> _Source information_
● ● ●

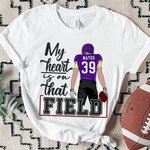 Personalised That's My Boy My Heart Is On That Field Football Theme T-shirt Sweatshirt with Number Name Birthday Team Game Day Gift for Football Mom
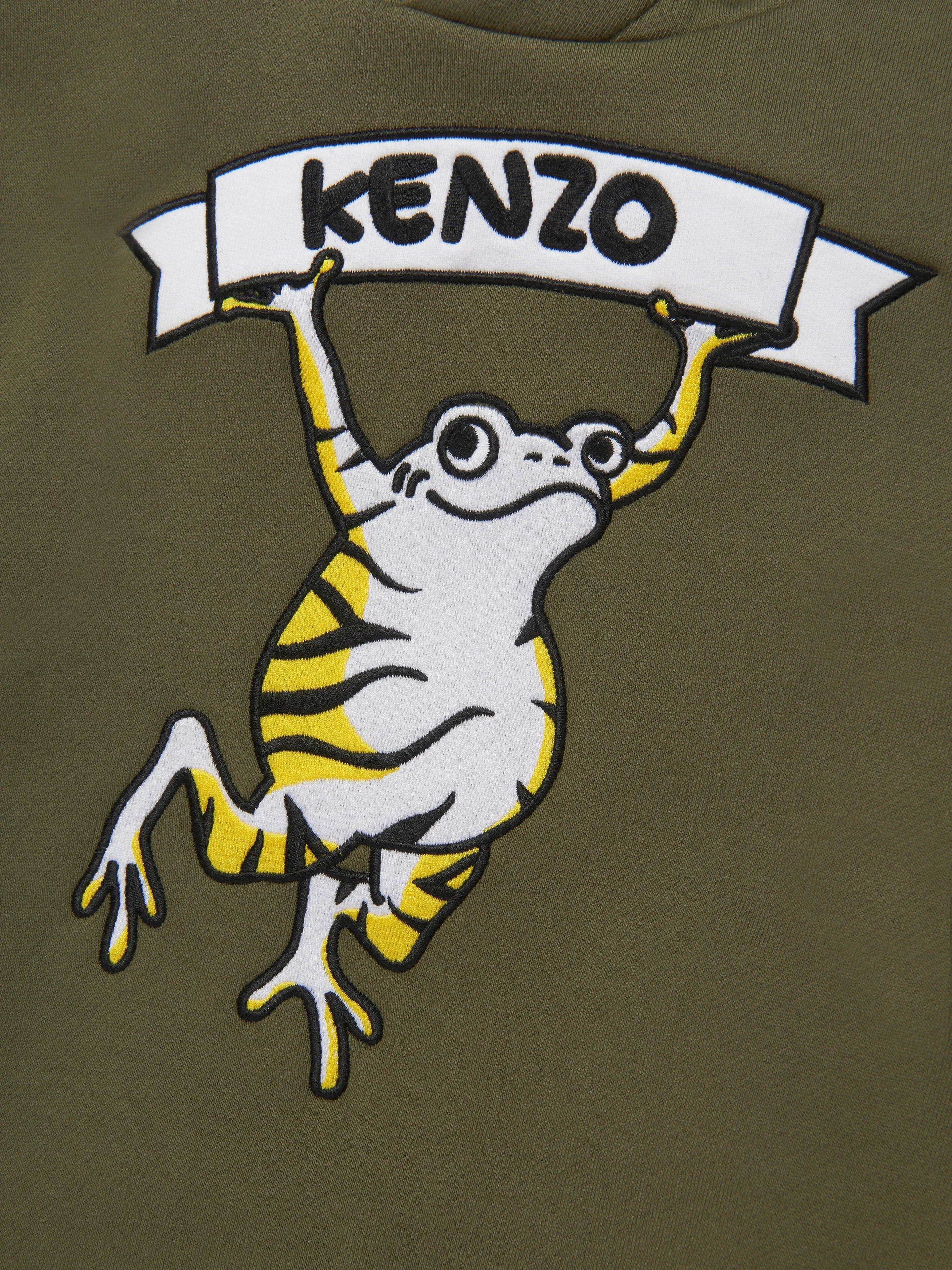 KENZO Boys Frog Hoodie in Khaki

● ● ●

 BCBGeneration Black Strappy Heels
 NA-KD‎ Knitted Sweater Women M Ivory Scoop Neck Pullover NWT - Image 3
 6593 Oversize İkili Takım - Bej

● ● ●

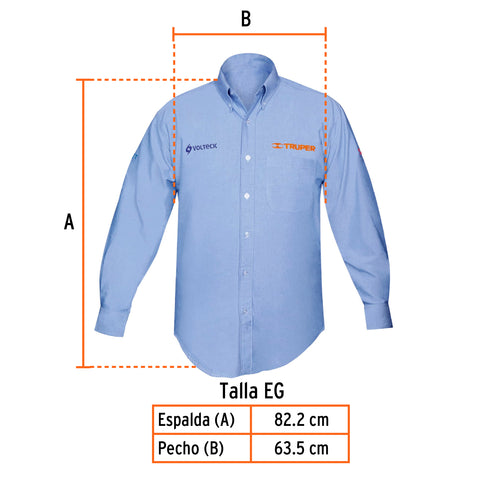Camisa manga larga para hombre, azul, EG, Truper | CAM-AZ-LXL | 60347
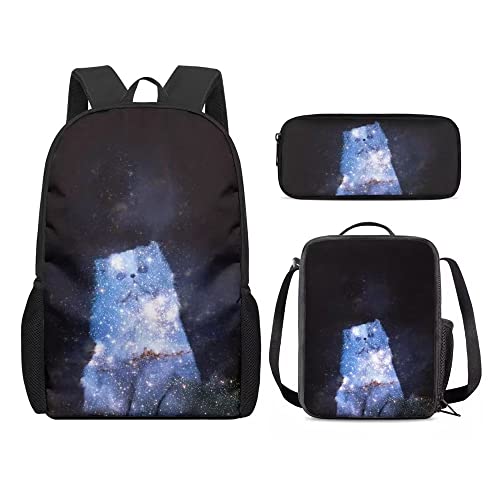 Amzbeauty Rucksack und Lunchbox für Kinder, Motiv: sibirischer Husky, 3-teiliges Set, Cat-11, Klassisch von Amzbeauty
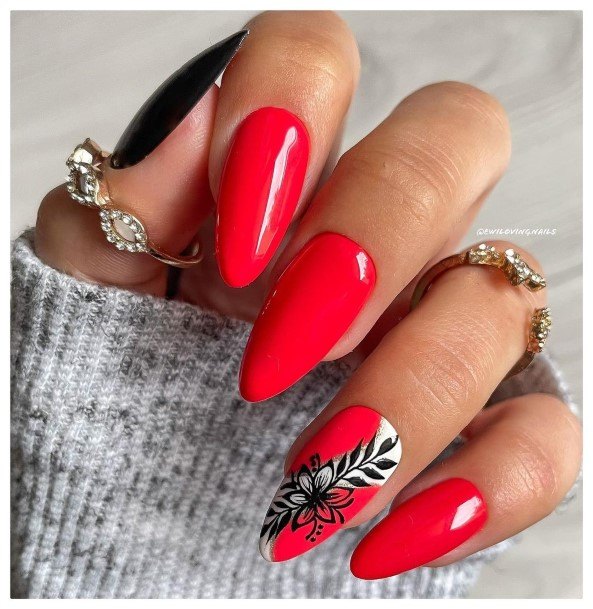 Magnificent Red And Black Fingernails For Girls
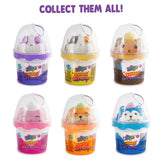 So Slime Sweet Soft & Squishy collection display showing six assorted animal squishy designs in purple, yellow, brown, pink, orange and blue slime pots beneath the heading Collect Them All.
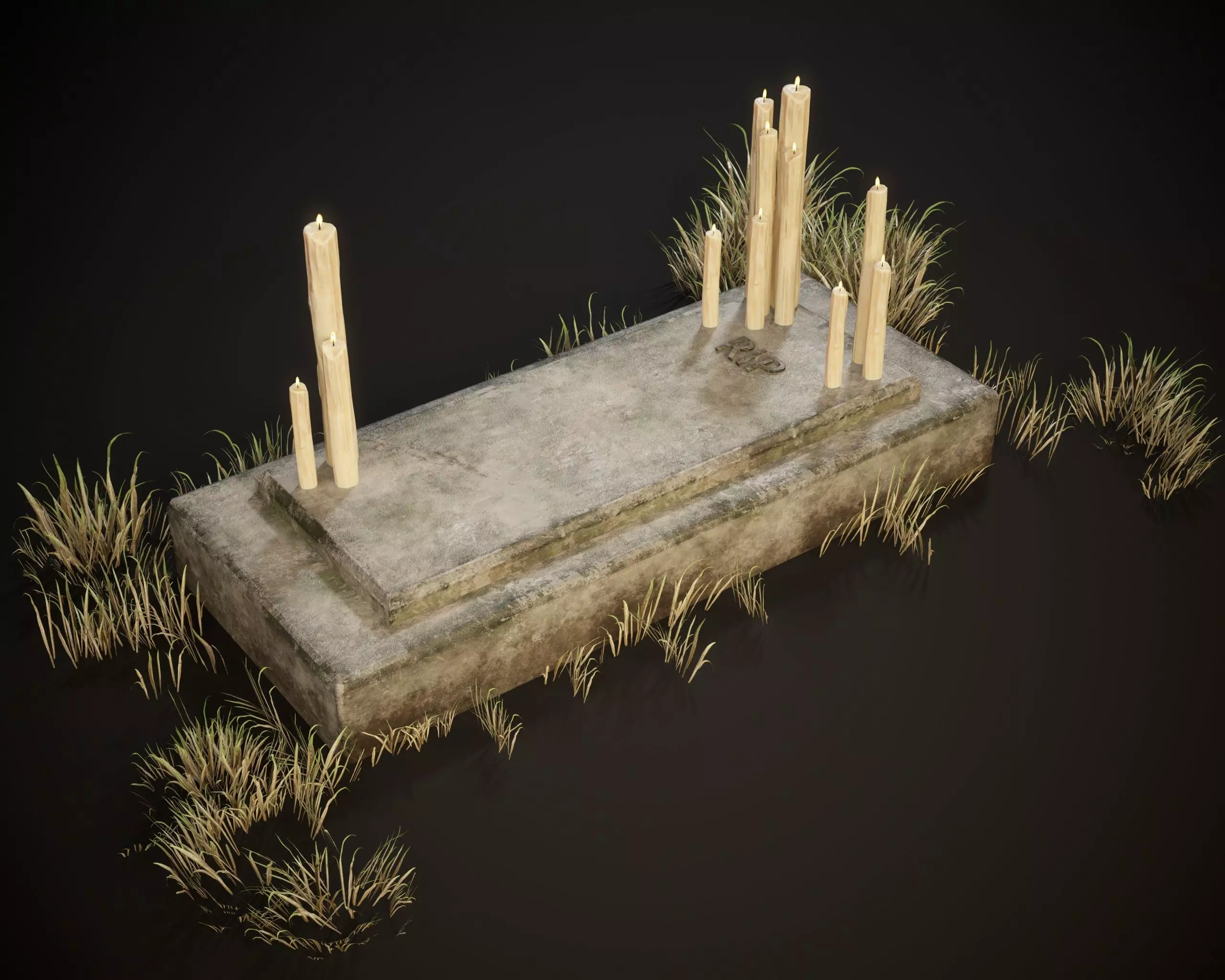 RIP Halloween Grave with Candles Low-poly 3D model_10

● ● ●

> _Task objective_
Would you print exactly, and only, the lines of the data above from the line with "NA-KD‎ Knitted Sweater" through the line with "6593 Oversize İkili Takım - Bej", inclusive?

> _Solution to this task_
 NA-KD‎ Knitted Sweater Women M Ivory Scoop Neck Pullover NWT - Image 3
 6593 Oversize İkili Takım - Bej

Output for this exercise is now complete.